Abstract
Background/Aim: Despite great effort to elucidate the process of acquired gefitinib resistance (AGR) in order to develop successful chemotherapy, the precise mechanisms and genetic factors of such resistance have yet to be elucidated. Materials and Methods: We performed a cross-platform meta-analysis of three publically available microarray datasets related to cancer with AGR. For the top 100 differentially expressed genes (DEGs), we clustered functional modules of hub genes in a gene co-expression network and a protein-protein interaction network. We conducted a weighted correlation network analysis of total DEGs in microarray dataset GSE 34228. The identified DEGs were functionally enriched by Gene Ontology (GO) function and KEGG pathway.
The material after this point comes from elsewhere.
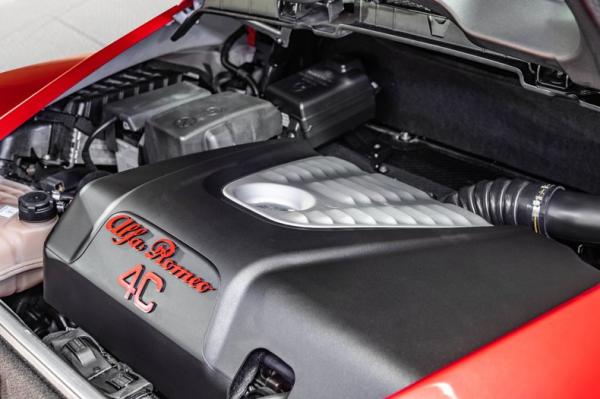 2015 Alfa Romeo 4C Launch edition 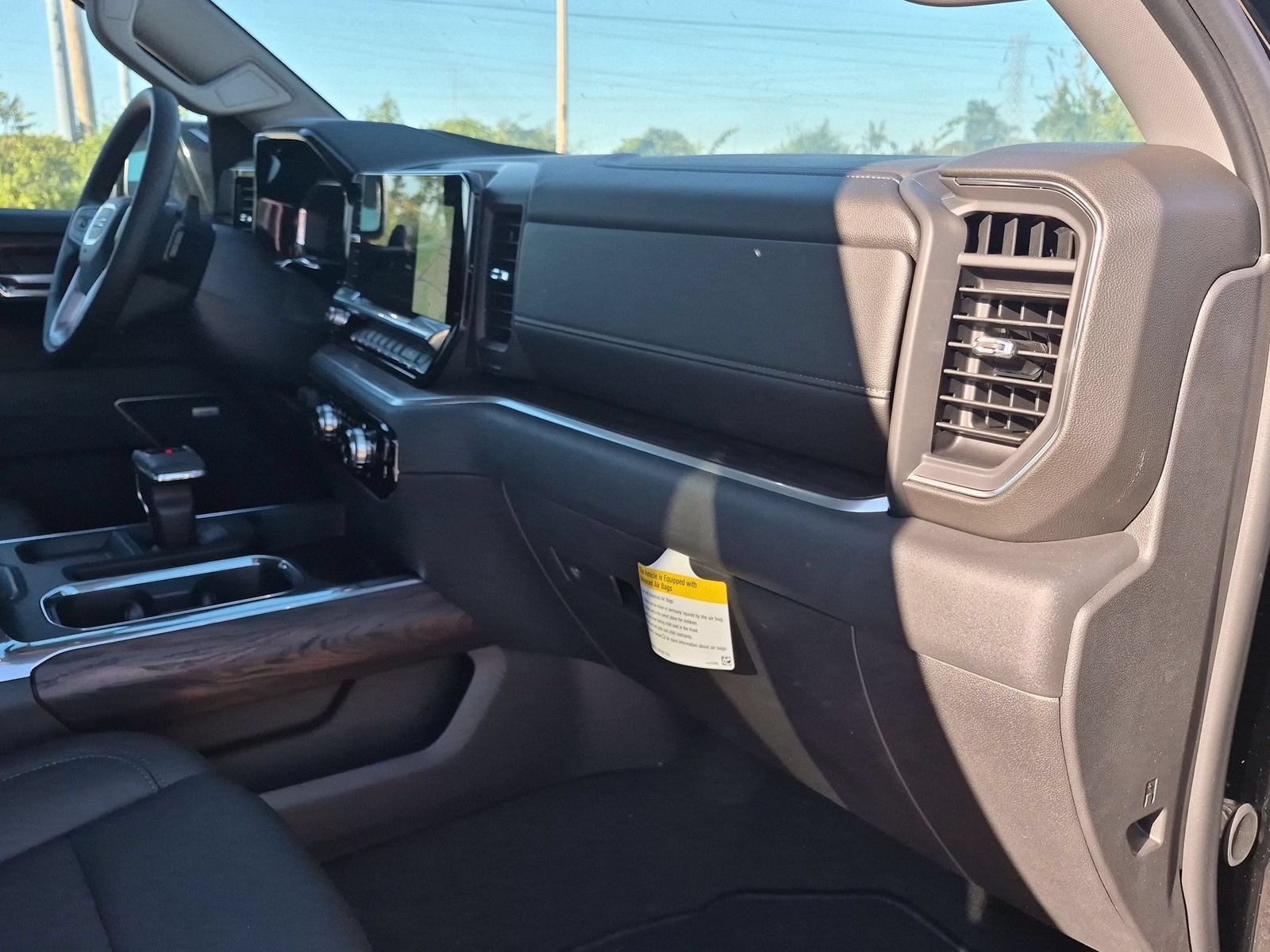 New 2026 GMC Sierra 1500 SLT w/ SLT Premium Package AWD/4WD image 31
Results: We identified a total of 1,033 DEGs (510 up-regulated, 523 down-regulated, and 109 novel genes). Among the top 100 up- or down-regulated DEGs, many genes were found in different types of cancers and tumors. Through integrative analysis of two systemic networks, we selected six hub DEGs (Pre-B-cell leukemia homeobox1, Transient receptor potential cation channel subfamily C member 1, AXL receptor tyrosine kinase, S100 calcium binding protein A9, S100 calcium binding protein A8, and Nucleotide-binding oligomerization domain containing 2) associated with calcium homeostasis and signaling, apoptosis, transcriptional regulation, or chemoresistance. We confirmed a correlation of expression of these genes in the microarray dataset. Conclusion: Our study may lead to comprehensive insights into the complex mechanism of AGR and to novel gene expression signatures useful for further clinical studies.
Although chemotherapy is the most common treatment for various cancer types, the development of acquired resistance to anticancer drugs remains a serious problem, leading to a majority of patients who initially responded to anticancer drugs suffering the recurrence or metastasis of their cancer (1-3). Acquired drug resistance (ADR) is known to have a multi-factorial etiology, with specific associations that include ethnicity, genetic alterations, epigenetic imbalances, and environmental variations.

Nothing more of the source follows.